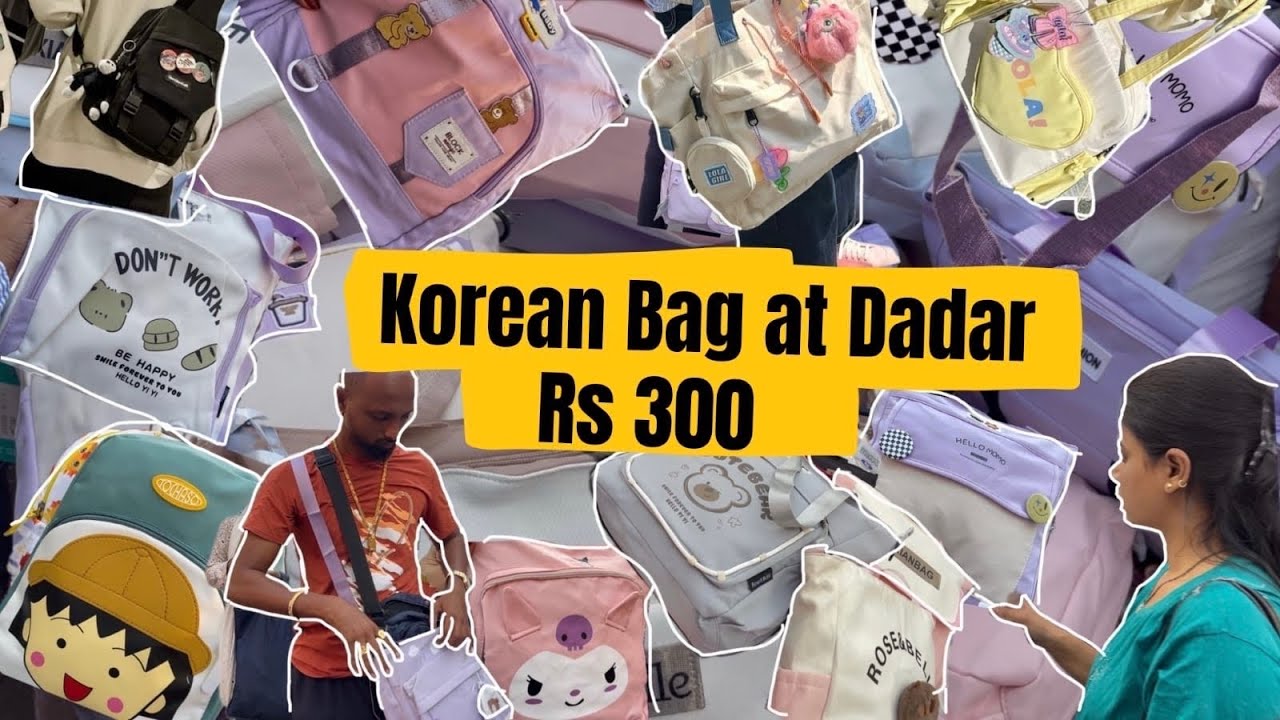 Korean Sling & Tote Bags @300 ₹ in Dadar | Perfect for College & Office | Budget Haul 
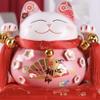 8.5" Ceramic Fortune Cat Ornament Opening Store Cashier Gift Piggy Bank-A7 view 1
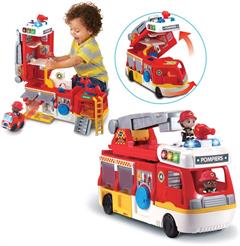 Super Camion Caserne De Pompier - Interactive & Learning Toys 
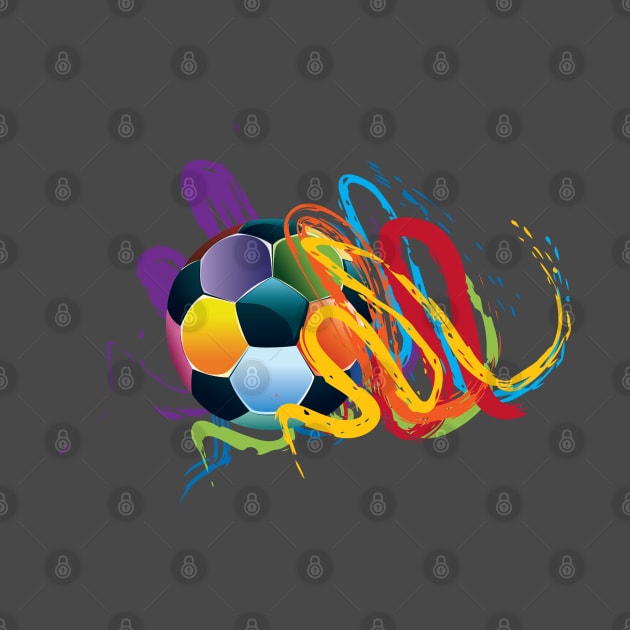 Soccer Ball with Brush Strokes by AnnArtshock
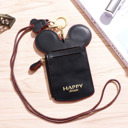 Black DaniEmCo MAGICAL TRAVELS Lanyard | Ticket Credit Card Holder Wallet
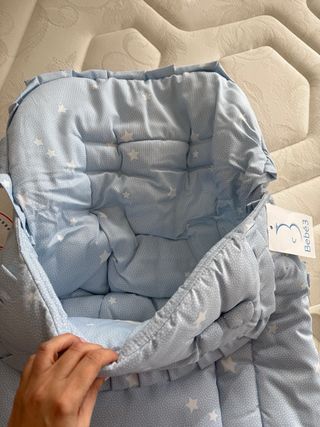 Saco de cochecito bebé azul estrellas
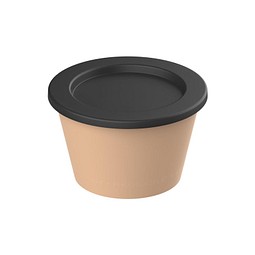 Dipbecher ToGoPlus, 100 ml, beständiges braun/schwarz
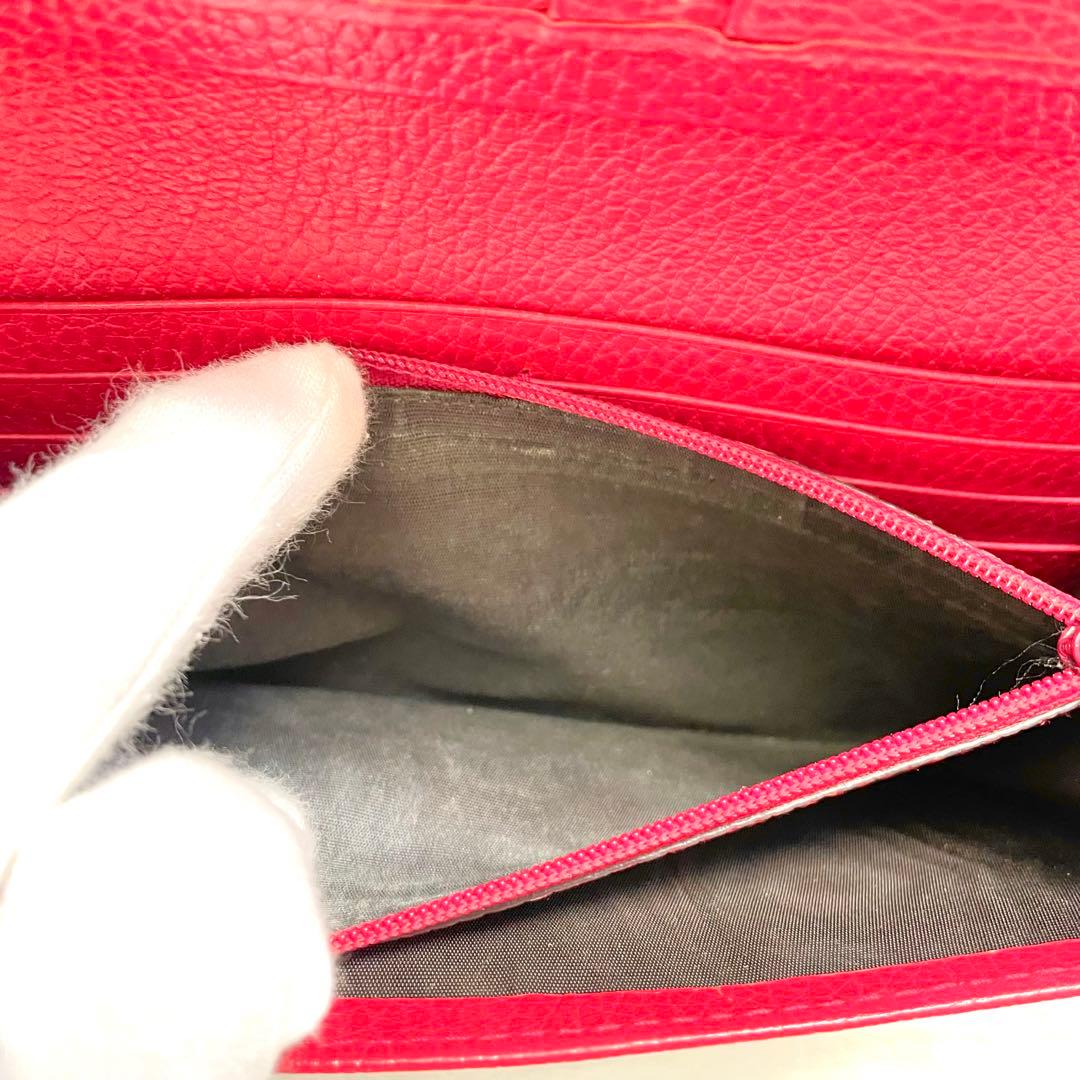 GUCCI グッチ　長財布　GG キャンバス　美品　2つ折り財布　1221-④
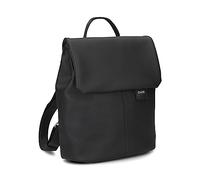 zwei Rucksack, Nubuk-Schwarz, 36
......
Find the line with "GUCCI グッチ　長財布　GG キャンバス　美品　2つ折り財布　1221-④" in the listing and extract it and all lines after it through the end, exactly, without the pictures.

Your response =>
 GUCCI グッチ　長財布　GG キャンバス　美品　2つ折り財布　1221-④
 zwei Rucksack, Nubuk-Schwarz, 36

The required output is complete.